This new technique saves 60% of my token expenses

TL;DR Highlight

You can reduce LLM response tokens by 60% by using a telegraphic style that only keeps nouns and verbs, excluding articles, conjunctions, and auxiliary verbs.

Who Should Read

Backend developers who are concerned about API costs and token optimization. Especially those using GPT-4 level models for simple tasks such as summarization, classification, and data extraction.

Core Mechanics

When a typical response is hundreds of tokens, forcing a 'caveman' style compresses it to around 40 tokens. It's possible to convey the same meaning with significantly fewer tokens.
Key prompt pattern: 'Drop articles, conjunctions, filler words, copulas. Keep nouns, verbs, key modifiers only.' — Explicitly instruct to remove articles (a, the), conjunctions (and, but), and unnecessary verbs (is, are).
This approach is similar to the structure of American Sign Language (ASL) or telegrams. It's a strategy to increase meaning density and remove padding words.
However, this technique is only valid for pipelines where 'readable responses' are not required. It's not suitable for responses exposed to end-users.
It's also pointed out that 80% of prompts can be handled without expensive models (GPT-4, Claude Opus). Model downgrading (routing) may be a more fundamental cost reduction than compression style.
Synergy can be achieved by combining a routing strategy to smaller models (GPT-4o mini, Haiku, etc.) with a compression style.

Evidence

"Reported a 60% reduction in token count compared to normal responses. Presented a case where a hundreds-of-tokens response was compressed to around 40 tokens. Since costs are calculated based on the sum of input and output tokens, reducing output tokens by 60% proportionally reduces API costs. The effect is greater when the output proportion is large."

How to Apply

If the response is not directly read by humans in internal pipelines (classification, extraction, summarization, etc.), add a telegraphic style instruction to the system prompt. Example: 'Respond in compressed telegraphic style. Drop articles, conjunctions, filler words, copulas. Keep nouns, verbs, key modifiers only.'
Create a router that first determines the complexity of the task, sending simple classification/summarization to GPT-4o mini or Claude Haiku, and sending only complex reasoning to expensive models. Adding a compression style on top of this can provide double savings.
If response parsing is required, use JSON mode or structured output along with the telegraphic style to structure the response, reducing tokens without parsing errors.

Code Example

snippet

system_prompt = """
Respond in compressed telegraphic style.
Drop articles, conjunctions, filler words, copulas.
Keep nouns, verbs, key modifiers only.
Meaning density over readability.
Write like a telegram costs per word.
"""

# Example input
user_message = "What are the main causes of climate change?"
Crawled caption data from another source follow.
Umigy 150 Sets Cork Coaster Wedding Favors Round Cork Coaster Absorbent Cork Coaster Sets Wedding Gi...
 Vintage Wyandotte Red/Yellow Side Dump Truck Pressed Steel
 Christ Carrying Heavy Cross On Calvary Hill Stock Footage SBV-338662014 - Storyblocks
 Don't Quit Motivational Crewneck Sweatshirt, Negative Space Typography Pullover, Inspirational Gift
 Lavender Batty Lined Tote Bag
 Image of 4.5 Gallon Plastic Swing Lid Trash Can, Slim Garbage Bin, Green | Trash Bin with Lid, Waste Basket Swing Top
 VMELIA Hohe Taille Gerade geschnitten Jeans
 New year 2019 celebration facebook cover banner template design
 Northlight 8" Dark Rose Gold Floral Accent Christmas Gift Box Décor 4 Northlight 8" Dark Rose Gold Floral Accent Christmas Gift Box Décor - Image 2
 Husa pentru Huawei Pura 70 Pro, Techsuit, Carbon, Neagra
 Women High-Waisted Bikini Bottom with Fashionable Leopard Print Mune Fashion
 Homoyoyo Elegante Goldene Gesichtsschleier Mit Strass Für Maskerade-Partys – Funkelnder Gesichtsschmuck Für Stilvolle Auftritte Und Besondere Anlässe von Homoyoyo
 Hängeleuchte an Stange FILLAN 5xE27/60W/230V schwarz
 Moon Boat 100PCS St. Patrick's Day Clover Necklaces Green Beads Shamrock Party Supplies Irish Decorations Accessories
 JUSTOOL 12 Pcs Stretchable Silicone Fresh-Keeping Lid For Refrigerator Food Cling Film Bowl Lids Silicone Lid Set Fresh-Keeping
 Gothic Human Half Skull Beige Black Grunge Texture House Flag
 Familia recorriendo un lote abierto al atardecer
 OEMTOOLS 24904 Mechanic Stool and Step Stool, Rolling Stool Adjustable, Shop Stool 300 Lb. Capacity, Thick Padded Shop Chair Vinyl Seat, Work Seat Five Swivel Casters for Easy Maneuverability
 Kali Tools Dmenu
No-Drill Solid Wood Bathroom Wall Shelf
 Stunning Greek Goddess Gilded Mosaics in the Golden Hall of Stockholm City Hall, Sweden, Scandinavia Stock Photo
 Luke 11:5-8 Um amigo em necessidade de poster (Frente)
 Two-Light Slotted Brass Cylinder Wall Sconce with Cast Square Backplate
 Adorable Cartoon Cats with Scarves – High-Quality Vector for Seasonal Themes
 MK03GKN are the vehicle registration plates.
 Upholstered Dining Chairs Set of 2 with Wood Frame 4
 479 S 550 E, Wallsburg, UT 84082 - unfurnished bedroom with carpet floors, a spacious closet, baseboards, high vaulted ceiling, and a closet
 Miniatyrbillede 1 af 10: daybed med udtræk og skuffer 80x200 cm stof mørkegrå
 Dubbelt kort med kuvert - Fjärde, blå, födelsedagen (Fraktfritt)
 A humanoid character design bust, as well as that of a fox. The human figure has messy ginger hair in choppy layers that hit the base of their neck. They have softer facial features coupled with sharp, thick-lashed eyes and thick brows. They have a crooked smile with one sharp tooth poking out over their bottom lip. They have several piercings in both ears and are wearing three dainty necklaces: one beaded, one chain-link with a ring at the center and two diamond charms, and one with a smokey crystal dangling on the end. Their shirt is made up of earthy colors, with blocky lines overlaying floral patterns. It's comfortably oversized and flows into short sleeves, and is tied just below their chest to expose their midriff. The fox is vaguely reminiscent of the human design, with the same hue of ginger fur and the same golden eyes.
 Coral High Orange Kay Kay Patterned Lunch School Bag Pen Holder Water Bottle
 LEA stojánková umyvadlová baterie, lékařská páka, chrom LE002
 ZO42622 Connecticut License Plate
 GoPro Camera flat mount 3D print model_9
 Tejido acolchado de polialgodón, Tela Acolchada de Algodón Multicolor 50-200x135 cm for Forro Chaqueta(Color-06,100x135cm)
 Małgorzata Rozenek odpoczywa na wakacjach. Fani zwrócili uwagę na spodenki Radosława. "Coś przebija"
# Normal response example (~80 tokens)
# "Climate change is primarily caused by the burning of fossil fuels, which releases greenhouse gases..."

# Telegraphic response example (~20 tokens)
# "Fossil fuel burning → CO2 rise → heat trap. Also: deforestation, agriculture, industry emissions."

Terminology

토큰(Token)The smallest unit of text processed by an LLM. Approximately 0.75 English words. API costs are billed based on this token count.

전보체(Telegraphic style)A compressed writing style that only retains essential words, like a telegram. A writing style from the past when telegrams were charged per character.

라우팅(Routing)A strategy for determining the complexity of a request and sending it to either an expensive or inexpensive model. Like a parcel sorting, it divides tasks to appropriate handlers.

CopulaEnglish 'is', 'are', 'was' like connecting verbs. Often not essential for conveying meaning and the first priority for removal during compression.

ASL(American Sign Language)American Sign Language. A structure that conveys concepts without grammatical padding, similar to the telegraphic style in that it conveys a lot of meaning with few signals.

출력 토큰(Output token)Tokens generated by the LLM as a response. Often more expensive than input, so reducing the response length can significantly reduce costs.